In the early years of the 21st century the voting rules in the European Union were hotly contested. The rapid addition of new member states – many of them small, formerly Eastern bloc countries – fuelled claims that the rules enabled countries with larger populations to wield undue influence.

There was broad agreement that EU voting should be based on a simple, transparent procedure giving equal power to every citizen of the EU. Moreover, there was agreement on the need for an easy and unambiguous way to extend voting rights whenever new member states joined the union. However, there was little agreement as to how to achieve this and insufficient research to inform discussion and policy formulation.

What did we do?

Since its establishment in 2000, the Voting Power & Procedures (VPP) initiative at the LSE Centre for Philosophy of Natural and Social Science (CPNSS) has become a leading international research centre for the measurement and improvement of voting systems.

Founded by LSE CPNSS Research Associate Moshé Machover and Visiting Research Fellow Rudolf Fara, the work of the VPP programme has been largely based on a landmark book by Machover and Dan S. Felsenthal of the University of Haifa titled The Measurement of Voting Power (Edward Elgar, 1998). That book was credited with reviving the field of voting research, and the VPP was subsequently created with the explicit aim of informing decision makers and their advisers, the media, and the general public on key issues in voting theory, policy and application.

In 2001 and 2006, the VPP received grants from the Leverhulme Trust to research the measurement of voting power, with particular emphasis on the challenge of designing of a system of weighted voting in the EU Council, which is comprised of ministers from each member state and is responsible for setting the EU’s political agenda.

In this context, the work of VPP focused on both voting power – the ability of a single nation or bloc to affect decision-making – and voting weight, which is the number of votes wielded both by EU citizens and in national blocs. Voting power can be disapproportionate to voting weight: for instance, a shareholder with 51% of company stock has only 51% of all votes (voting weight) but would have 100% of the voting power if the company took decisions by a simple majority vote.

As a result of their analysis, VPP was able to recommend a variety of ways to balance voting weight and voting power to help ensure that EU citizens had a more equal voice in EU decision-making, regardless of the size and influence of their home nation.

What happened?

VPP’s research informed analyses of power distribution within the EU and the voting rules for the EU Council. Negotiations around the Treaty of Lisbon, which proposed significant changes in EU Council voting procedures, provided the context for Machover’s presentations.

In 2007, Machover took part in the policy dialogue ‘Rules for Decision-Making in the Council: Which Way Forward?’ at the European Policy Centre, Brussels, and subsequently advised a joint meeting of the European Policy Centre and the Centre for European Policy Studies. Machover also presented a paper on EU voting power at the European Centre Natolin in Warsaw.

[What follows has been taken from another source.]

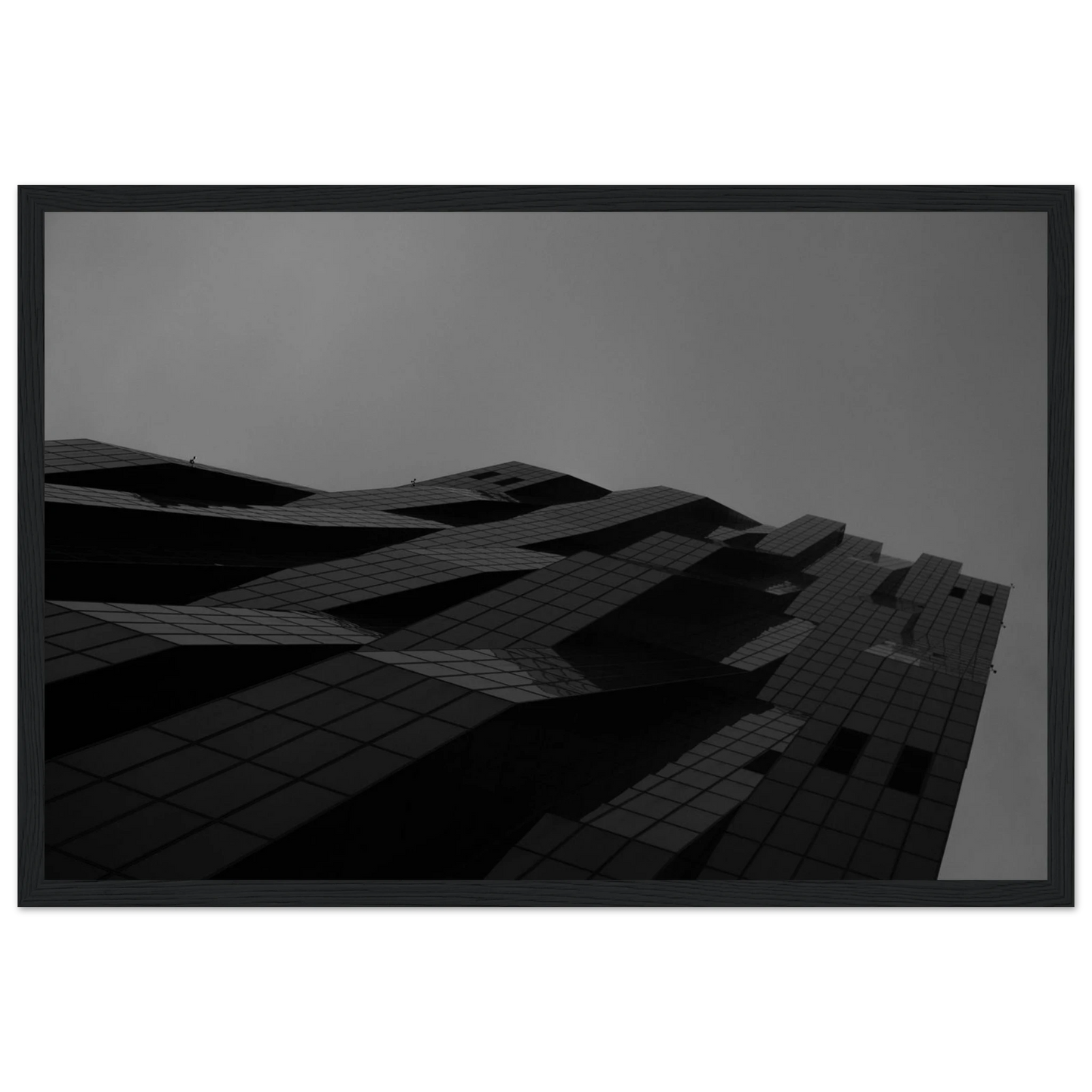 Black and white low angle view of a modern skyscraper with bold geometric lines and dark textured facade on wooden framed wall art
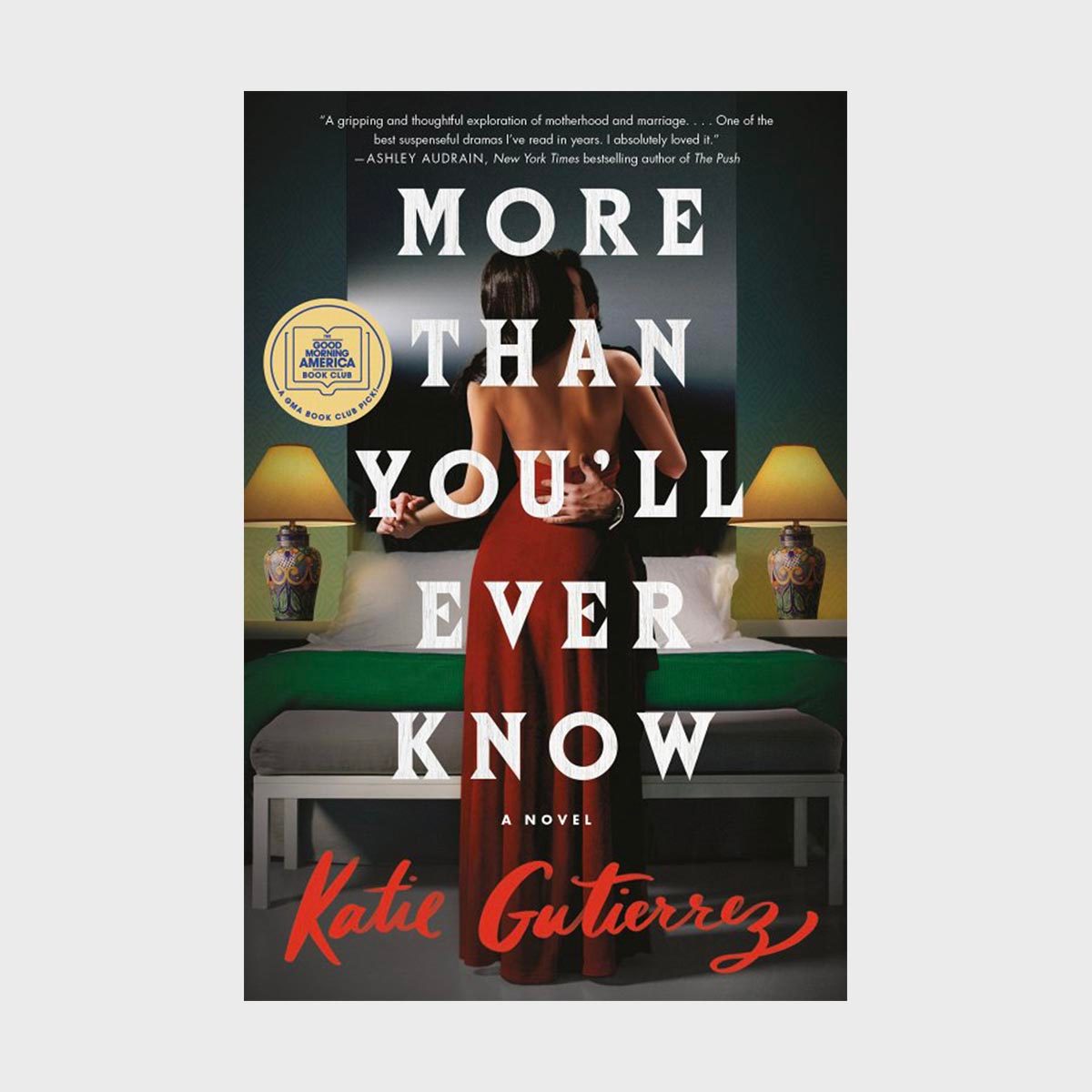 A couple embraces intimately in a dimly lit bedroom; text reads "More Than You'll Ever Know" by Katie Gutierrez.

In late 2007, Machover advised the UK Foreign and Commonwealth Office on the potential effect of the Lisbon Treaty on the UK’s voting power at the EU Council of Ministers. The following year he advised the Liberal-Democrat peer William Wallace (Lord Wallace of Saltaire) on the same topic. Machover also delivered a paper at a seminar in Prague, Voting Systems in the [EU] Council [of Ministers], hosted by the Czech Prime Minister, Mirek Topolánek.

The Treaty of Lisbon was signed into law in 2009. As a result, the EU Council now uses qualified majority voting – with approval requiring 55% of member states, representing at least 65% of the EU population – for more than three-quarters of its decision-making. The previous EU Council voting system relied more frequently on simple majority voting, a system now used only for non-legislative votes.

In 2011, the work of Felsenthal and Machover was honoured in a festschrift – a book celebrating the achievements of a living person – at a special VPP symposium. Thirty-two academics from around the world contributed to the book.